Logical Puzzles

Logical puzzles are one of the most common question types in the UCAT Decision Making subtest. These questions present a set of constraints (rules or conditions) and ask you to determine what must be true, what could be true, or what arrangement is valid. This lesson teaches you a systematic approach to solving them efficiently under time pressure.

---

What Are Logical Puzzles in the UCAT?

Logical puzzles in the DM subtest typically involve:

• Scheduling problems — arranging events, appointments, or activities in a sequence
• Seating arrangements — placing people around a table or in a row according to rules
• Ordering problems — determining the correct sequence of items based on comparative clues
• Allocation problems — assigning people to teams, rooms, or tasks based on constraints
• Matching problems — pairing items from two or more categories (e.g., matching people to hobbies and locations)

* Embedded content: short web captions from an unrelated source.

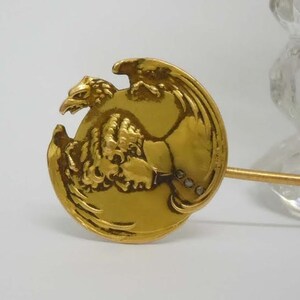 May include: A gold-toned brooch featuring a detailed eagle design with a raised profile. The eagle is depicted with its wings spread and head turned to the side. The brooch has a pin on the back for attaching to clothing.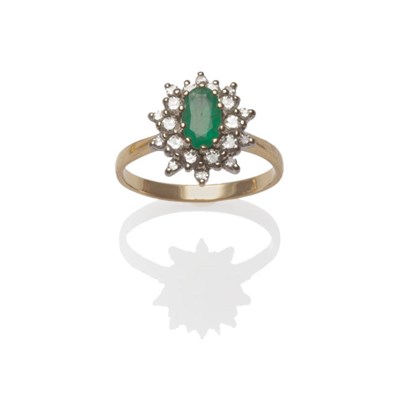 Lot 129 - An Emerald and Diamond Cluster Ring, the oval cut emerald within a border of round brilliant...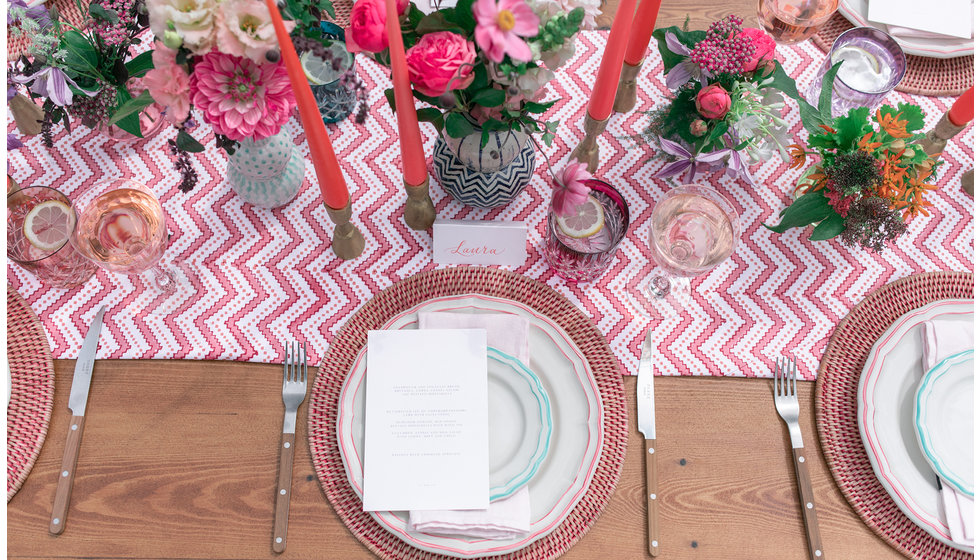Colourful table laid with lots of pinks and fresh flowers.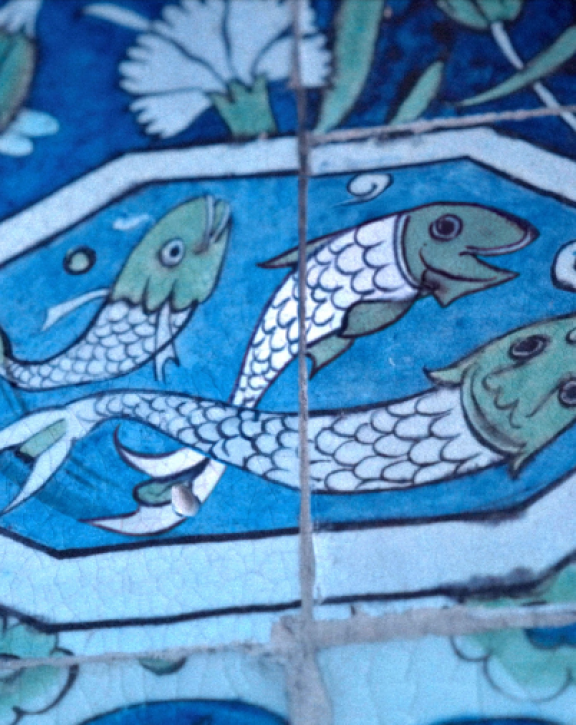 Soudade Kaadan and Nadine Kaadan with an image of a fish tile in the Arab Hall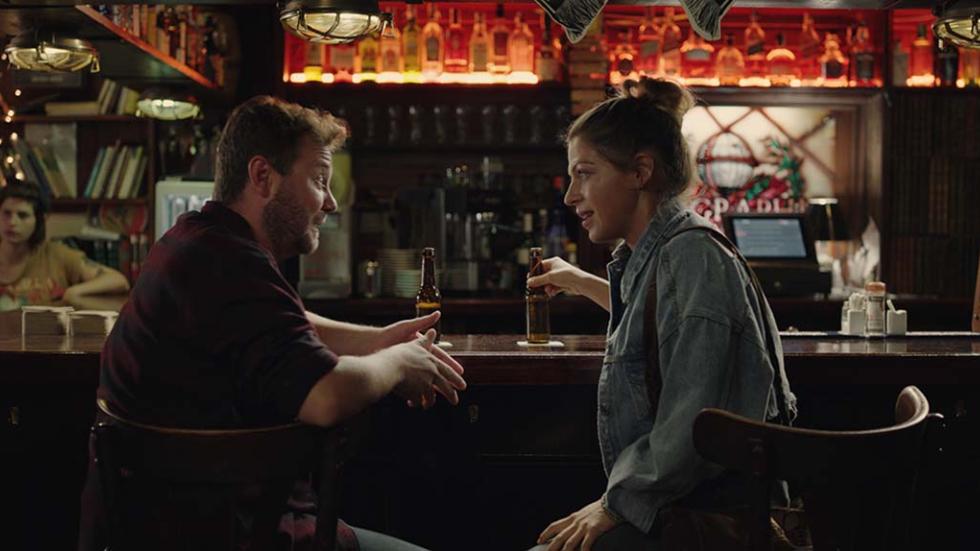 Dana film still couple talking in a bar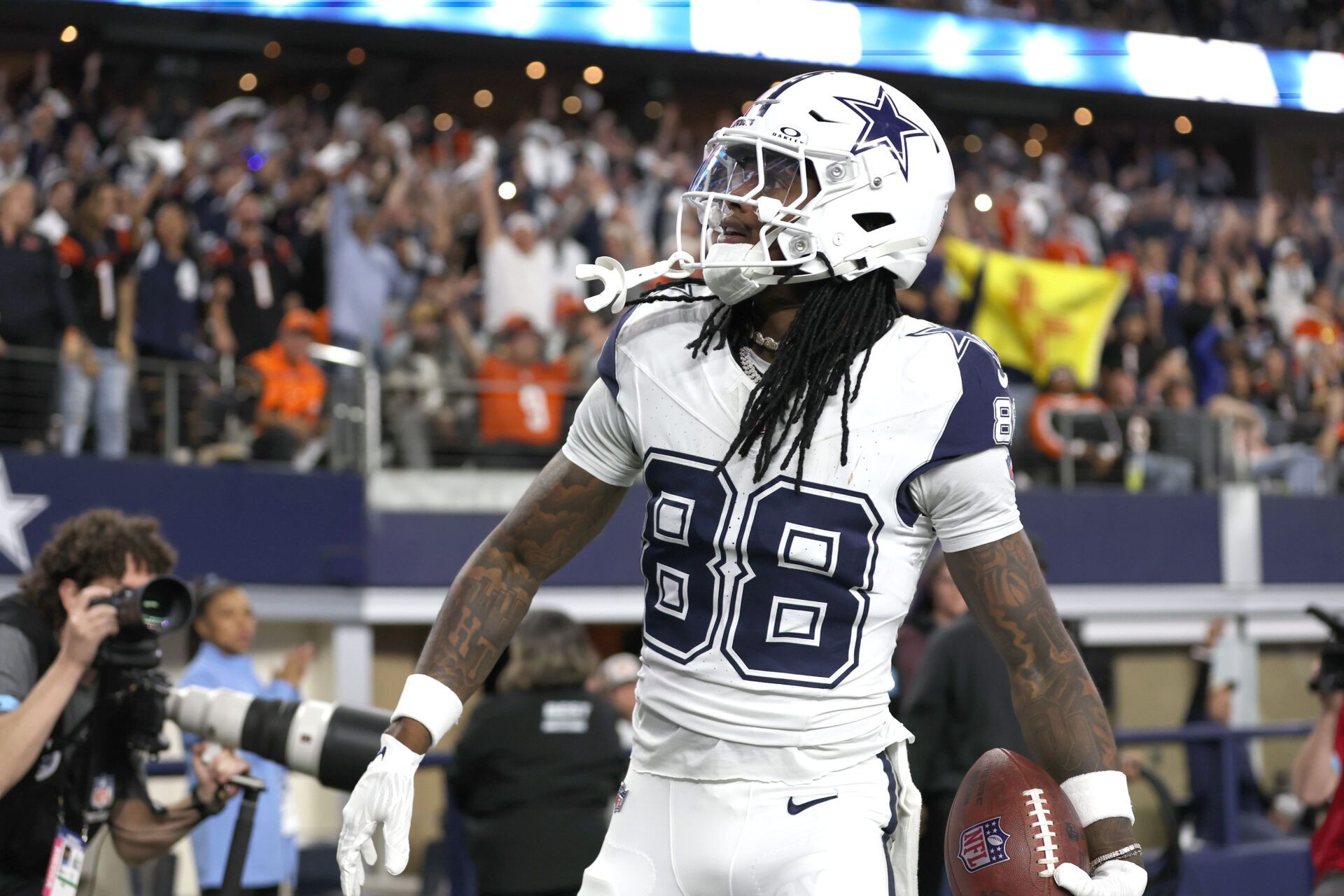 Dec 9, 2024; Arlington, Texas, USA; Dallas Cowboys wide receiver CeeDee Lamb (88) reacts after scoring a touchdown against the Cincinnati Bengals in the first quarter at AT&T Stadium. Mandatory Credit: Tim Heitman-Imagn Images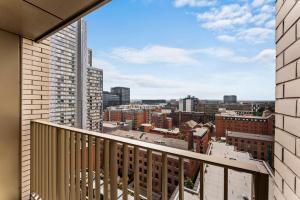 a balcony with a view of a city at The Artist Abode in Central Manchester - Parking in Manchester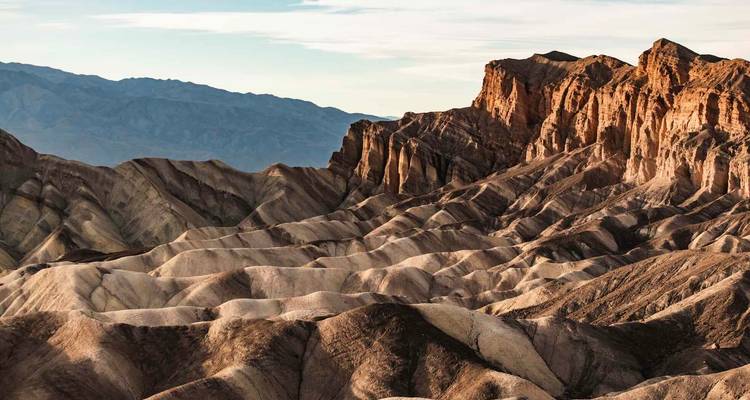 Formaciones rocosas estratificadas bajo un cielo brillante en el Valle de la Muerte.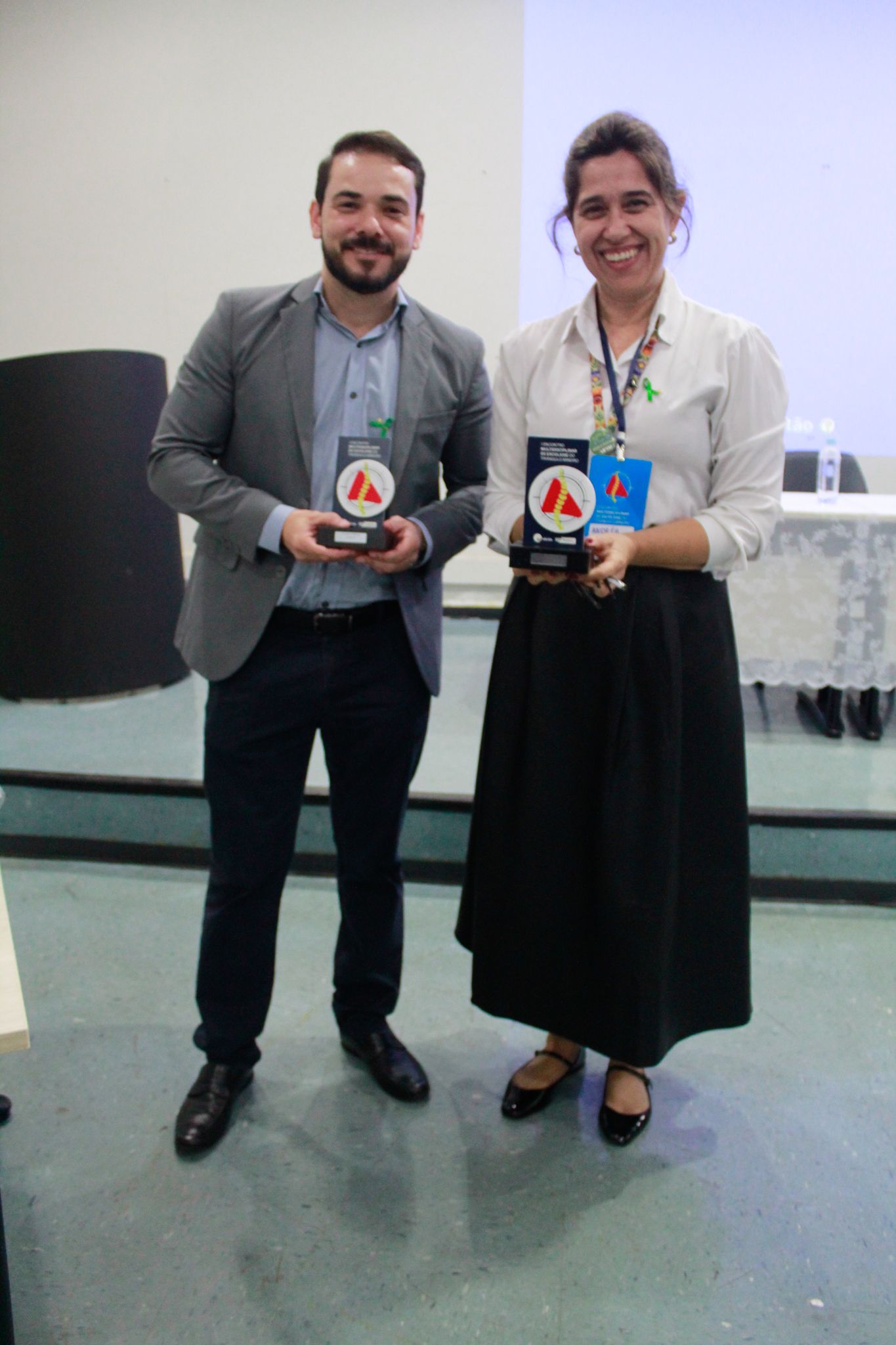 Um homem e uma mulher estão de pé, um ao lado do outro, segurando troféus.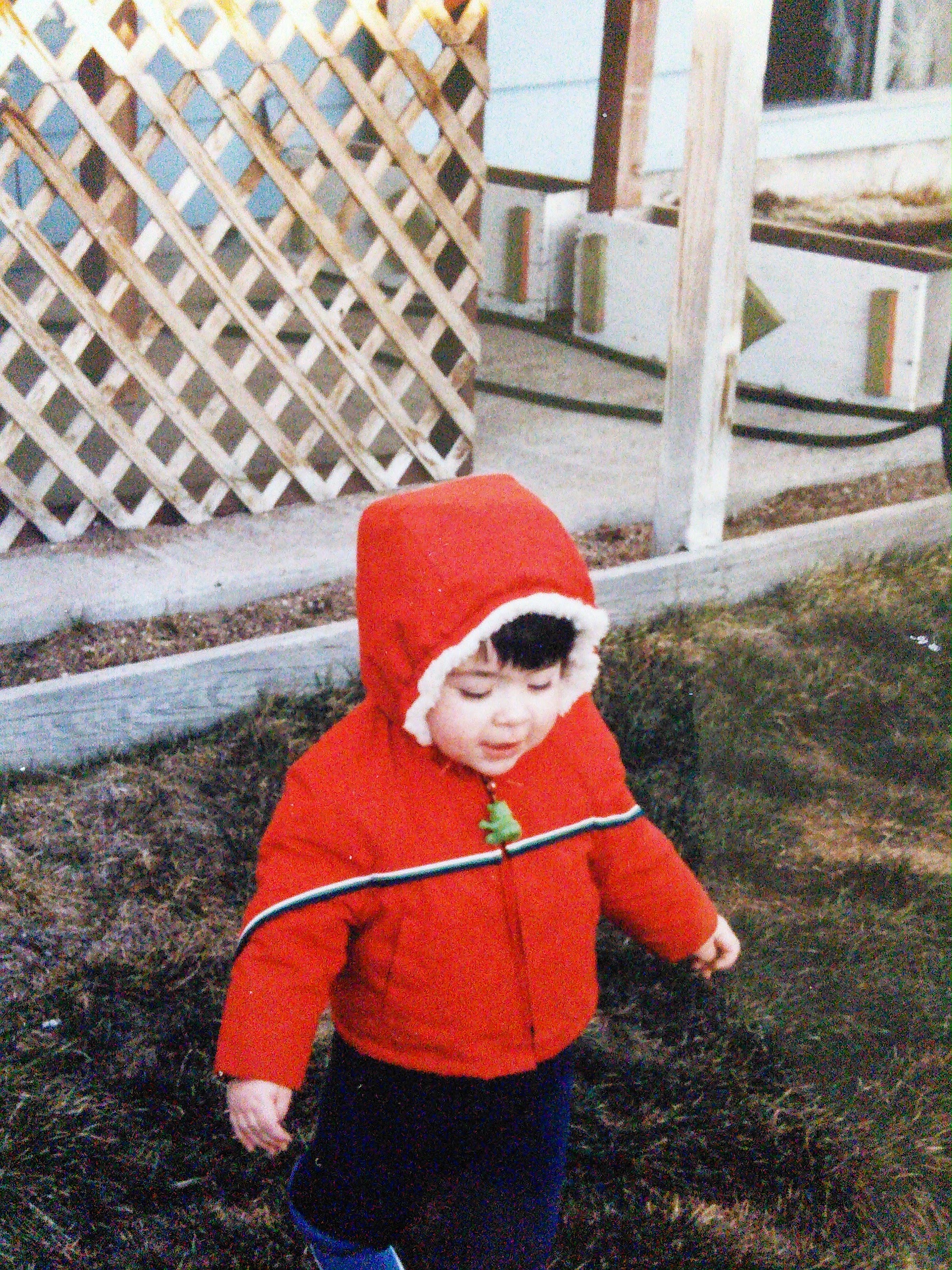 Just a photo of me as an infant wearing a red winter coat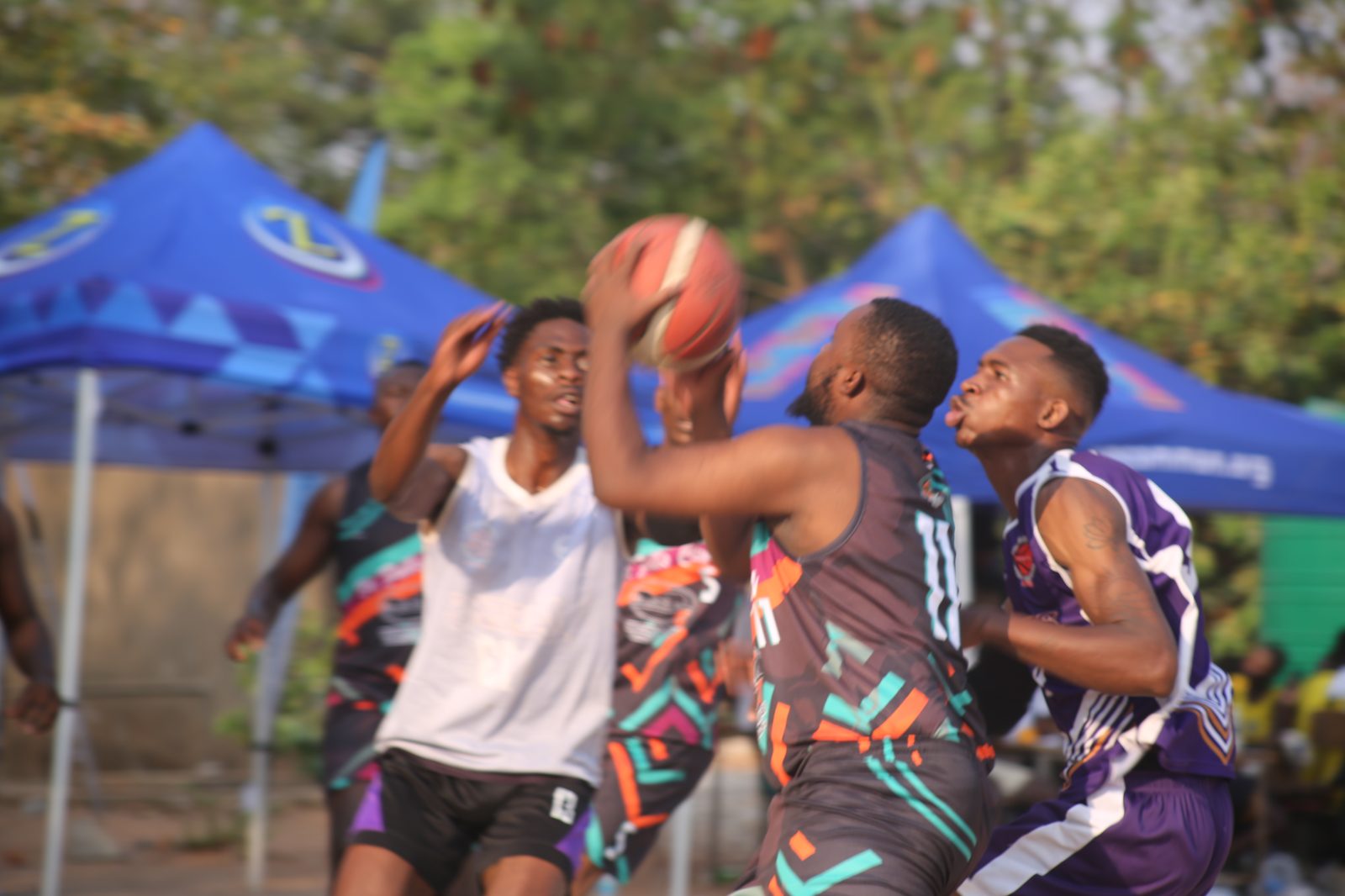 Senior men's league game underway at dusk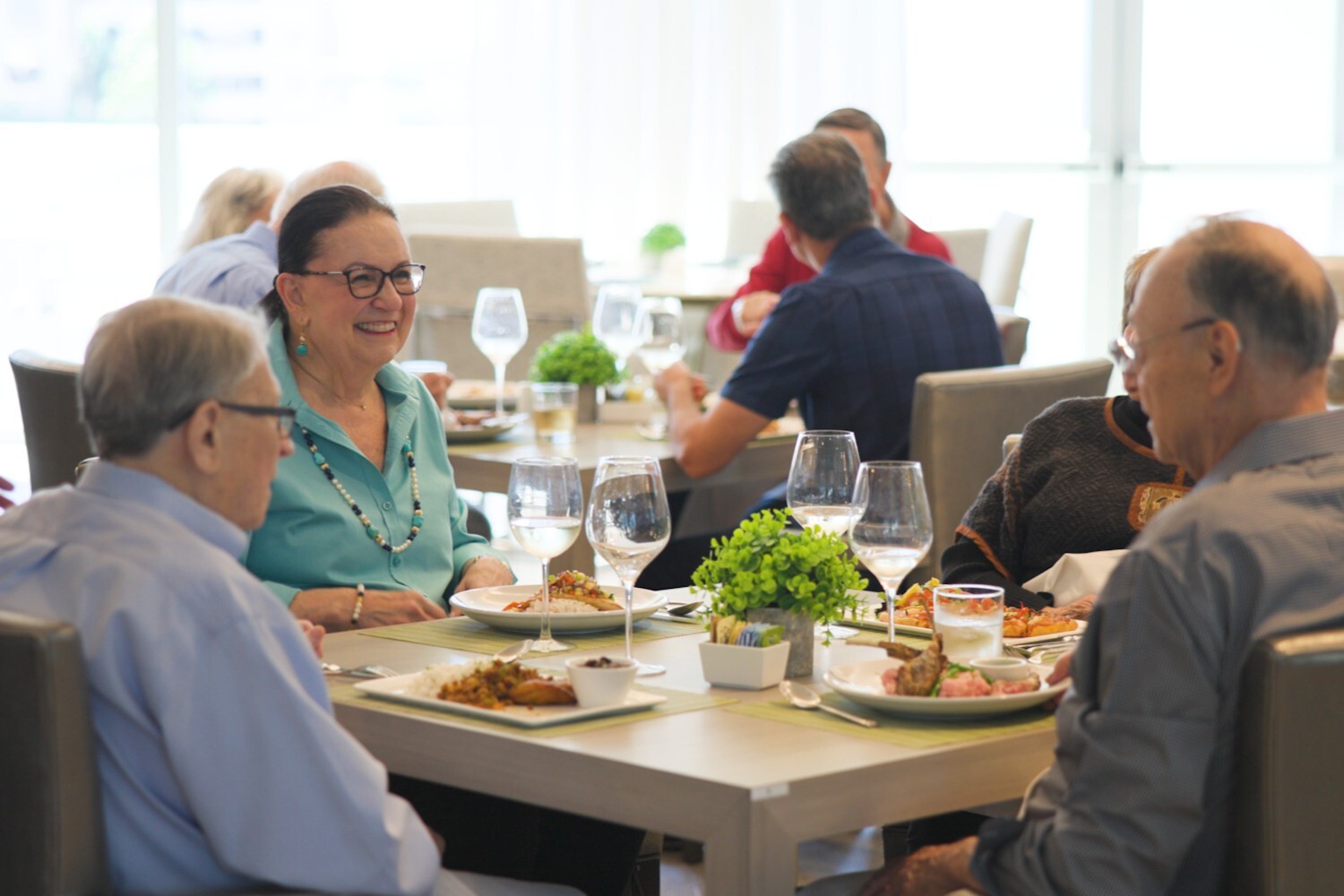 Residents enjoy a lively conversation over a chef-inspired meal at a beautifully set table, capturing the community connection and active senior lifestyle at The Arbor Company.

These questions usually provide 4-6 constraints and ask you to determine which arrangement satisfies all of them, or to identify which single statement must be true.

---

The Systematic Approach

The key to solving logical puzzles under time pressure is to follow a structured, repeatable method rather than trying to reason through the problem in your head.

Step 1: Read All Constraints Before Starting

Read every constraint carefully. Do not start placing items until you understand all the rules. This prevents you from setting up a framework that you later need to scrap.

Step 2: Identify the Framework

Decide what kind of structure you need:

Problem Type	Framework
Linear ordering (1st, 2nd, 3rd...)	Number line or slots
Seating around a table	Circular diagram
Two-category matching	Grid or table
Three-category matching	Multi-row table
Scheduling across time slots	Time grid

Step 3: Place the Most Constrained Items First

Look for items that have the most restrictions or items that are fixed in position. Place these first, as they reduce the possibilities for everything else.

Step 4: Apply Remaining Constraints

Work through the remaining constraints one by one, eliminating impossible arrangements at each step.

Step 5: Check Your Answer Against All Constraints

Before selecting an answer, verify that your arrangement satisfies every single constraint. A common error is satisfying most constraints but violating one.

---

Worked Example 1: Linear Ordering

Scenario:

Five friends — Amara, Ben, Chloe, Daniel, and Elena — finish a race in five distinct positions (1st through 5th). The following information is known:

• Amara finishes 1st
• Ben finishes immediately before Chloe
• Elena finishes 3rd
• Daniel does not finish last

Question: Who finishes 2nd?

Solution

Step 1: Set up five slots and place the fixed items:

1st	2nd	3rd	4th	5th
Amara	?	Elena	?	?

Step 2: Ben finishes immediately before Chloe. They form a consecutive pair. Available slots are 2nd, 4th, and 5th. The possible consecutive pairs are: (2nd, 3rd) — but 3rd is Elena, so no. (4th, 5th) — this works.

1st	2nd	3rd	4th	5th
Amara	?	Elena	Ben	Chloe

Step 3: Daniel is the only person remaining. The only open slot is 2nd. Check: Daniel does not finish last — 2nd is not last. ✓

1st	2nd	3rd	4th	5th
Amara	Daniel	Elena	Ben	Chloe

Step 4: Verify all constraints:

• Amara finishes 1st ✓
• Ben (4th) is immediately before Chloe (5th) ✓
• Elena finishes 3rd ✓
• Daniel (2nd) does not finish last ✓

Answer: Daniel finishes 2nd.

Key Learning Point: Always set up a grid, place fixed items first, then work through constraints systematically. Verify every constraint before selecting your answer.

---

Worked Example 2: Seating Arrangement

Scenario:

Six doctors — A, B, C, D, E, and F — sit around a circular table with six seats. The following rules apply:

• A sits directly opposite D
• B sits next to A
• C does not sit next to E

Question: Who sits directly opposite B?

Solution

Step 1: Draw a circular table with six positions (1–6). In a 6-seat circle, position 1 is opposite position 4, position 2 is opposite position 5, position 3 is opposite position 6.

Step 2: Place A and D opposite each other. Let A = position 1, D = position 4.

Step 3: B sits next to A. A is at position 1, so B is at position 2 or position 6.

Case 1: B at position 2. B is opposite position 5. Remaining: C, E, F for positions 3, 5, 6.

• C does not sit next to E. Position 3 is next to positions 2 and 4. Position 5 is next to positions 4 and 6. Position 6 is next to positions 5 and 1.
• If C = 3 and E = 5: are they next to each other? No (positions 3 and 5 are not adjacent). ✓ F = 6.
• Check: C(3) neighbours are B(2) and D(4). E(5) neighbours are D(4) and F(6). C and E are not adjacent. ✓

Answer: The person opposite B (position 2) is whoever sits at position 5, which is E.